Bdzoom.com  : L’enthousiasme de la jeunesse…

Bernard Farkas : Voilà ! On avait en face de nous un directeur général du National Lampoon (Leonard Mogel) qui devait avoir 45-50 ans, au moins. Il connaissait toutes les ficelles du métier et il nous a vus arriver en se pourléchant les babines ! (rires)

Bdzoom.com : L’accord s’est fait uniquement sur le titre et Dionnet a malgré tout fait les maquettes des premiers numéros américains d’Heavy Metal.

Bernard Farkas : Oui… On s’est aperçu très vite qu’ils avaient tiré la couverture à eux et qu’ils avaient pris tout ce qu’ils pouvaient prendre comme idées, comme planches, en s’assurant qu’ils n’auraient pas de procès. Ce que la société des Humanos a reçu en retour n’était que des miettes, par rapport à ce qu’on aurait pu recevoir. On était trop tendres pour ce genre de situation…

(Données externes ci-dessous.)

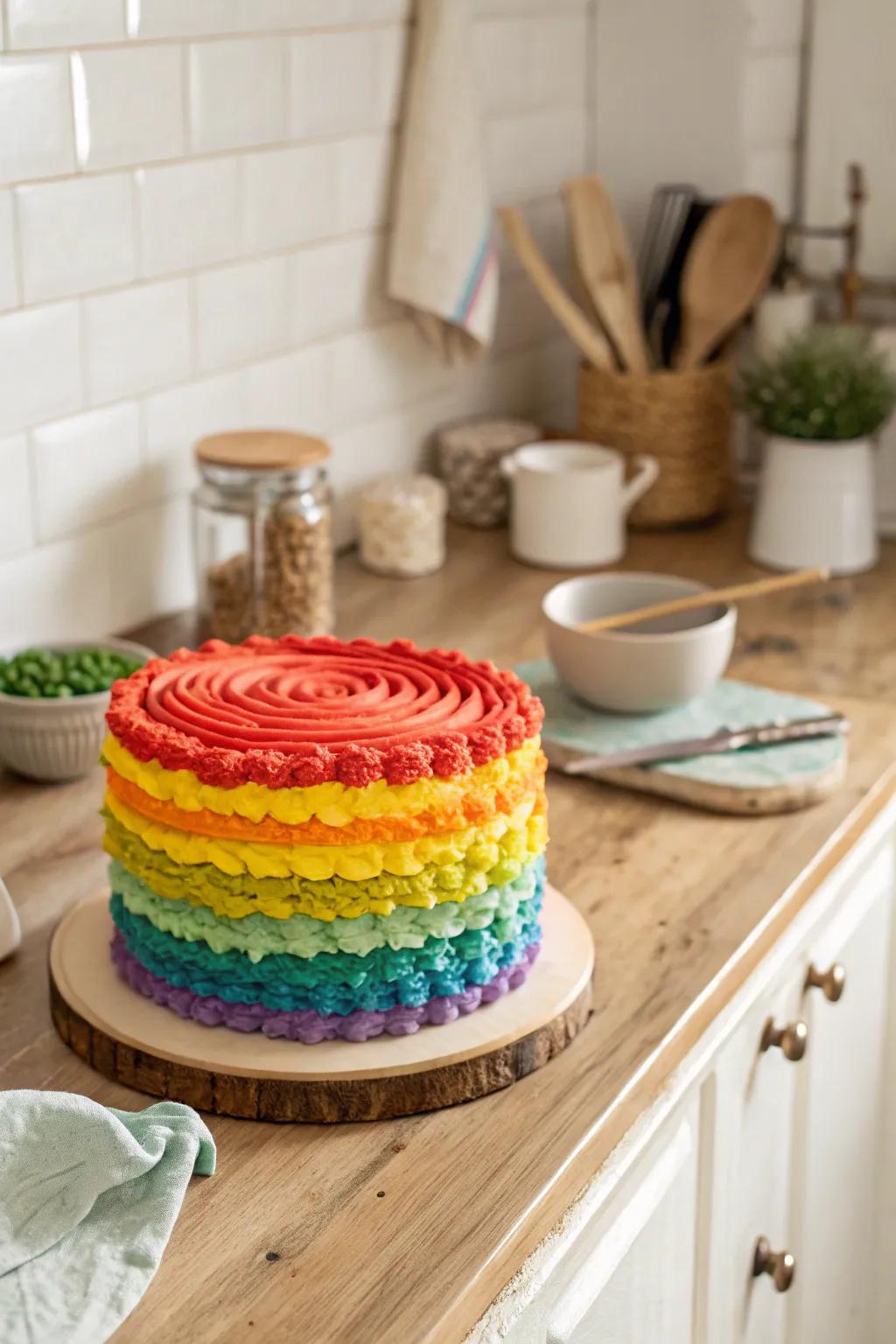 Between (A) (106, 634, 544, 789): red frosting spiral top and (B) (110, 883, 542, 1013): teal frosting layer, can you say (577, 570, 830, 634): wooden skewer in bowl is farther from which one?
(B) (110, 883, 542, 1013): teal frosting layer

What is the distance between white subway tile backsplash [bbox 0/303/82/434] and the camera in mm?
1345

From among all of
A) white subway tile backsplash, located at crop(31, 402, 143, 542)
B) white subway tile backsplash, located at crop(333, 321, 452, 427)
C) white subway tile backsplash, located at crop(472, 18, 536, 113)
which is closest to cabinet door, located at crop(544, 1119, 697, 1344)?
white subway tile backsplash, located at crop(31, 402, 143, 542)

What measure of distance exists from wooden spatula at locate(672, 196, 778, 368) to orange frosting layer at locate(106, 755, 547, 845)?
3.84ft

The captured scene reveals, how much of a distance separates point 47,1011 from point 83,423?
64 cm

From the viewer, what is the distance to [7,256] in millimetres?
1315

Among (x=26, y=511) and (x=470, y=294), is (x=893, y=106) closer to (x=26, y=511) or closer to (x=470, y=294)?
(x=470, y=294)

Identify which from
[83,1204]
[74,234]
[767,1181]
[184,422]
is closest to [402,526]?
[184,422]

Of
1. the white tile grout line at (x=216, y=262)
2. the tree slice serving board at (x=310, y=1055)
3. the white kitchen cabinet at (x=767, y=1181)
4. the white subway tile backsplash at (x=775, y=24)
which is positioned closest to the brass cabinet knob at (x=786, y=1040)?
the white kitchen cabinet at (x=767, y=1181)

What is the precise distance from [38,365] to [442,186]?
58 cm

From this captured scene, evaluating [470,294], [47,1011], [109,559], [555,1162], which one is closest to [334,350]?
[470,294]

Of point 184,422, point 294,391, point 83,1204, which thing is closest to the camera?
A: point 83,1204

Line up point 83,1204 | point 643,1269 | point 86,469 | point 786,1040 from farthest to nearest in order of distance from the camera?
point 86,469 → point 786,1040 → point 643,1269 → point 83,1204

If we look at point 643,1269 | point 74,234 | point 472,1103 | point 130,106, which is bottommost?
point 643,1269

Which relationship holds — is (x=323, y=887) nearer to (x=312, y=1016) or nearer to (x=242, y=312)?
(x=312, y=1016) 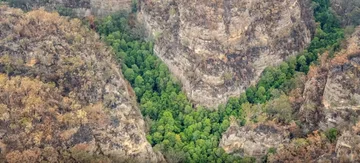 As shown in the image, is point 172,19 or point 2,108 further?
point 172,19

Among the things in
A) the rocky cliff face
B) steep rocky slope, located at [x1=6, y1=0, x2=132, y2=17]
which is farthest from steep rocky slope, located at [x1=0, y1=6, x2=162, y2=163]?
steep rocky slope, located at [x1=6, y1=0, x2=132, y2=17]

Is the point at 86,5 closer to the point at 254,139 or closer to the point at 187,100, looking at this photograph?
the point at 187,100

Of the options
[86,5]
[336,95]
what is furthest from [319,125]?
[86,5]

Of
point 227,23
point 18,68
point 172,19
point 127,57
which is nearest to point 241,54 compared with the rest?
point 227,23

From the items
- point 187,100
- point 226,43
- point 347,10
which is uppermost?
point 347,10

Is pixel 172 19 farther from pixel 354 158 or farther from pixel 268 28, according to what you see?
pixel 354 158

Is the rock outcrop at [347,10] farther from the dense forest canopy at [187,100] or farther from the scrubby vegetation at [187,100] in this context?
the scrubby vegetation at [187,100] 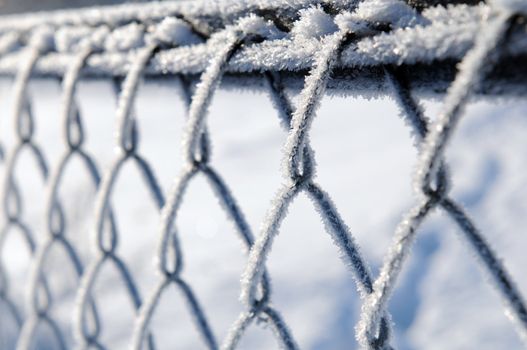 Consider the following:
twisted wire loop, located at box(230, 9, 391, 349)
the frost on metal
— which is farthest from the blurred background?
twisted wire loop, located at box(230, 9, 391, 349)

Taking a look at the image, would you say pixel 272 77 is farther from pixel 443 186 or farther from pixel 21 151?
pixel 21 151

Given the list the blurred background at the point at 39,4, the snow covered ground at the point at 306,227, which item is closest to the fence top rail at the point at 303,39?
the blurred background at the point at 39,4

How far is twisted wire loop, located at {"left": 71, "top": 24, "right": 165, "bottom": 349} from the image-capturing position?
60cm

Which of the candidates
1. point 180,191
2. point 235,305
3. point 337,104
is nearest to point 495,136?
point 337,104

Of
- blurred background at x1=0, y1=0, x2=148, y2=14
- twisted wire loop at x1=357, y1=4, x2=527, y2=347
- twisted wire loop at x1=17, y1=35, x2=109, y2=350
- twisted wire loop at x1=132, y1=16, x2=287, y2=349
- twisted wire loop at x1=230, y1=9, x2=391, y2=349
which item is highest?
blurred background at x1=0, y1=0, x2=148, y2=14

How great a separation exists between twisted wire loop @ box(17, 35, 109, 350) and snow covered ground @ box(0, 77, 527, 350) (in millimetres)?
1076

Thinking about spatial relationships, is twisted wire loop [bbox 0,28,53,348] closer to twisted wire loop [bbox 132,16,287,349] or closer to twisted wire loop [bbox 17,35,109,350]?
twisted wire loop [bbox 17,35,109,350]

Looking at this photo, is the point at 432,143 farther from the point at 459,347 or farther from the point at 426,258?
the point at 426,258

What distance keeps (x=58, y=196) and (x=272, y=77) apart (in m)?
0.51

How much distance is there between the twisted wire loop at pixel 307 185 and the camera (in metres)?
0.41

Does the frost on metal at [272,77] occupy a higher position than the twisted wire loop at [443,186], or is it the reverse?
the frost on metal at [272,77]

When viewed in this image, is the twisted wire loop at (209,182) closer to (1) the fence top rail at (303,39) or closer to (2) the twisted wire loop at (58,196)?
(1) the fence top rail at (303,39)

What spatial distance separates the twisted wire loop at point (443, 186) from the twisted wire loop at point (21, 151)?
513 mm

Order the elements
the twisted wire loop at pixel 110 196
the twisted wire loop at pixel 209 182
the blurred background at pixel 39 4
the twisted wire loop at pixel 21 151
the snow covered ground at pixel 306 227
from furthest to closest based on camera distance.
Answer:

Bdzoom.com : Vous disparaissez de Métal hurlant après, environ, 2 ans de collaboration. On retrouve votre nom dans le dossier rétrospectif du numéro 50 (où vous êtes rebaptisé « Scareface » !). Pour quelle raison avez-vous quitté les Humanoïdes Associés ?

Bernard Farkas : Quand je suis parti, avec le succès, Métal hurlant était passé mensuel [à partir du numéro 9, sept. 76. Le nom de Farkas n’apparaît plus au sommaire du numéro 23, nov. 77]. Il y avait des livres de publiés par les Humanos… Dans une certaine mesure, le succès était certain, mais d’un autre côté, les besoins d’argent n’étaient pas négligeables. C’est clair, certaines erreurs d’édition, de gestion étaient faites, et il y avait à certains moments besoin d’argent frais. D’autre part, plus il y a de succès, plus il faut acheter de papier, plus il faut que les fournisseurs fassent des conditions, etc… C’est ce que l’on appelle le « Besoin en Fond de Roulement ». Malgré tout, les Humanos était une société qui avait été montée entre 4 personnes jeunes et sans fonds propres réels. On ne pouvait pas rester comme cela avec une société de type S.A.R.L. à 20.000 francs, qui brassait à ce moment-là des millions. Il a fallu à un moment donné se poser réellement la question des fonds propres [le capital est amené à 22 000 francs à partir du numéro 11, nov. 76]. Il n’y avait pas assez de capitaux par rapport à l’ampleur de la société, ampleur que personne n’aurait pu imaginer un an et demi avant…

Bdzoom.com : C’est donc une crise de croissance ?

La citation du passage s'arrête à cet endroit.